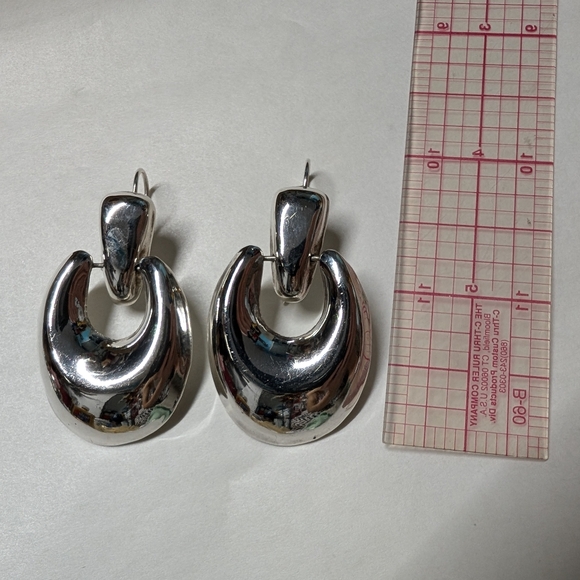 Vintage silver Art Deco large earrings 925 - Picture 4 of 4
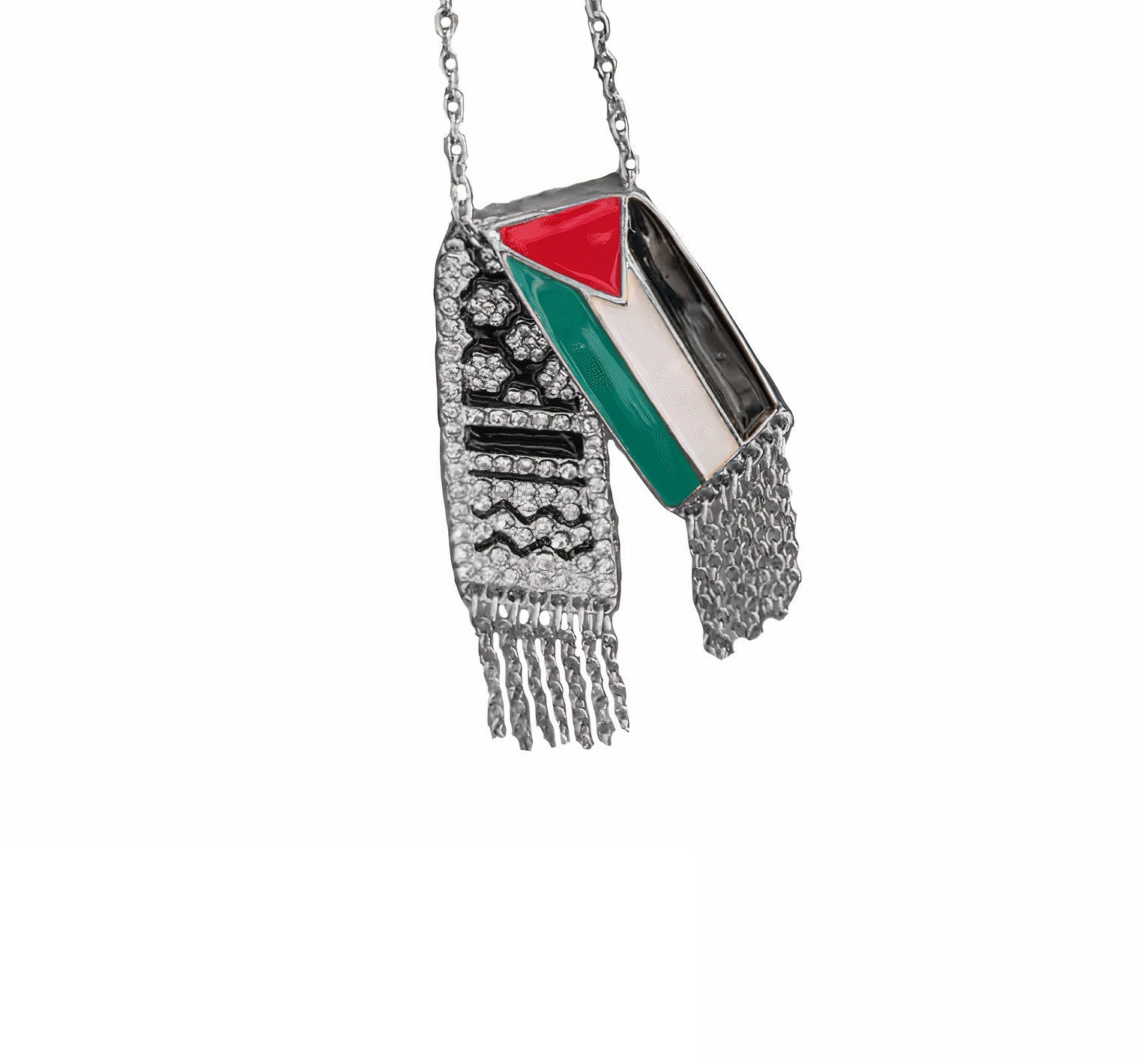 Palestine Flag Keffiyah Necklace - Arabic Treasure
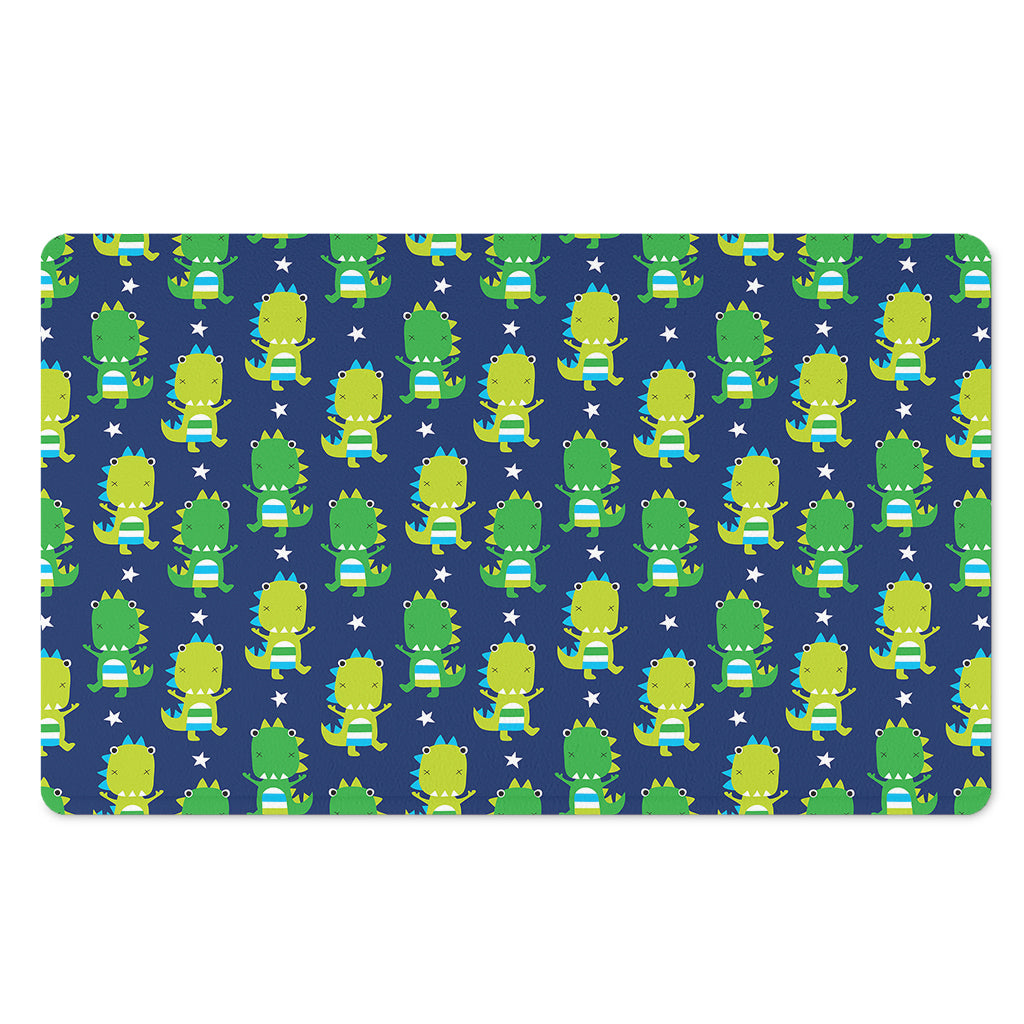 Cute Dino T-Rex Pattern Print Polyester Doormat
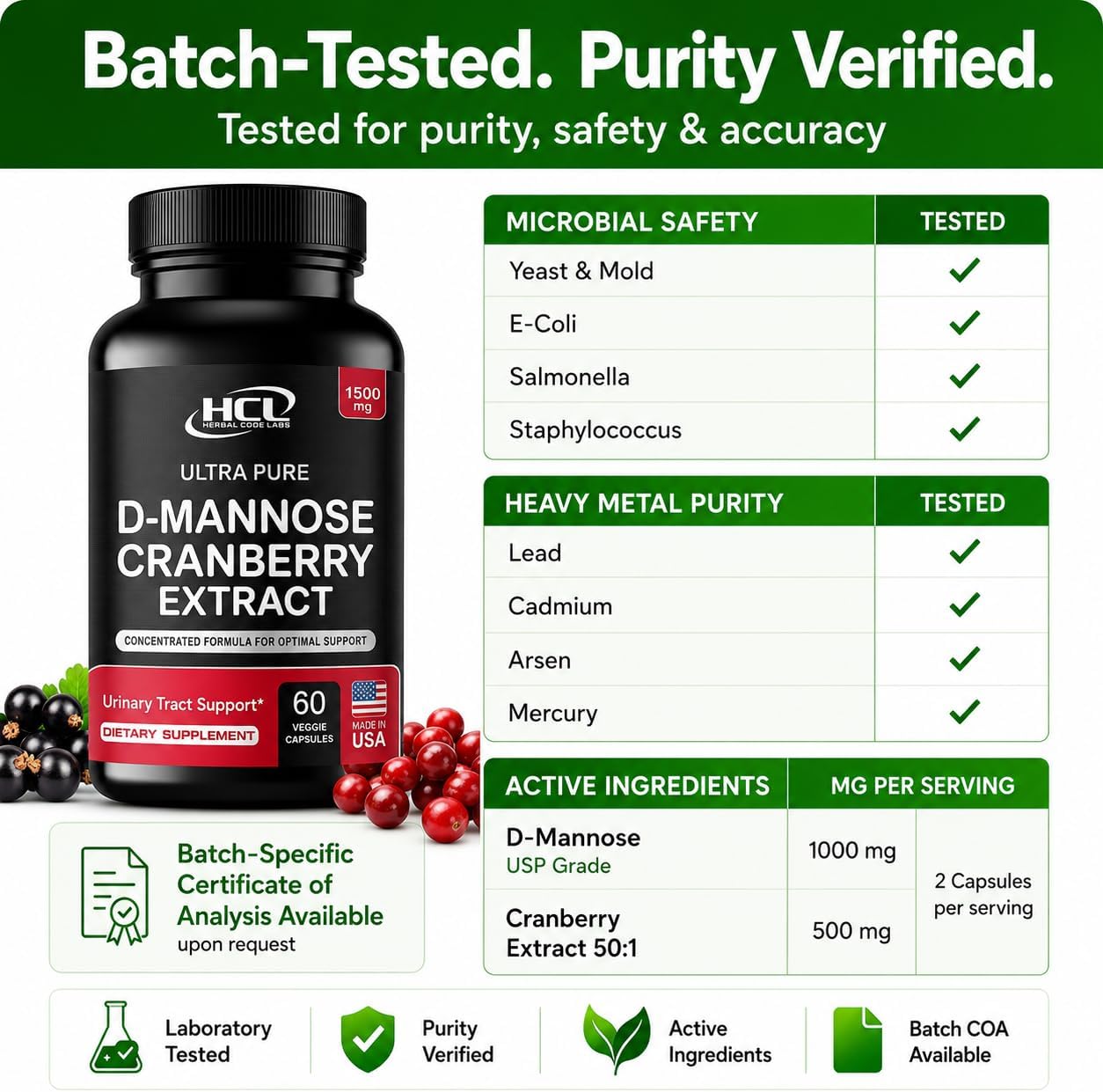 HCL HERBAL CODE LABS D-Mannose with Cranberry Extract Capsules 1500mg – High Potency USP Grade D-Mannose Supplement with Whole Fruit Cranberry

- _Activity_
Each line above gets copied exactly; leave the pictures out.

- _Answer below_
 Vintage silver Art Deco large earrings 925 - Picture 4 of 4
 Palestine Flag Keffiyah Necklace - Arabic Treasure
 Cute Dino T-Rex Pattern Print Polyester Doormat
 HCL HERBAL CODE LABS D-Mannose with Cranberry Extract Capsules 1500mg – High Potency USP Grade D-Mannose Supplement with Whole Fruit Cranberry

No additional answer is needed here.